## DATA FOR THIS TASK
┌────────

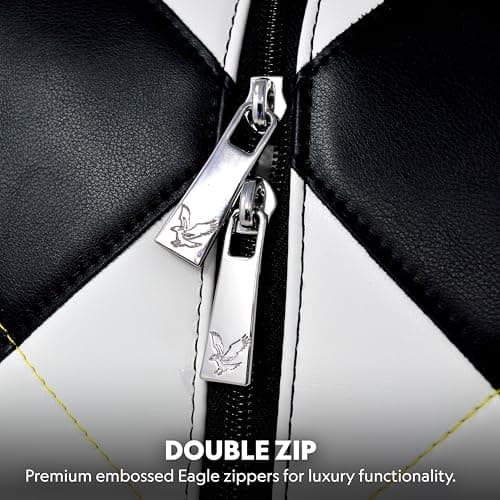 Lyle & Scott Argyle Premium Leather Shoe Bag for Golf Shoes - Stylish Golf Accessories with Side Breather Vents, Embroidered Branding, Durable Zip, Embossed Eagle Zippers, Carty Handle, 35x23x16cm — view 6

└────────
┌────────

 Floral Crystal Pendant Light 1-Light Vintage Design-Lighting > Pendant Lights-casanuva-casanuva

└────────
┌────────

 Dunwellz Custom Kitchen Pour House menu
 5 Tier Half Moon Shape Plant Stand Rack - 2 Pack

└────────

## EXERCISE DESCRIPTION
Please reproduce the lines from the line with "Dunwellz Custom Kitchen Pour House menu" to the line with "5 Tier Half", both ends included, exactly as they appear above.

## ANSWER BOX
 Dunwellz Custom Kitchen Pour House menu
 5 Tier Half Moon Shape Plant Stand Rack - 2 Pack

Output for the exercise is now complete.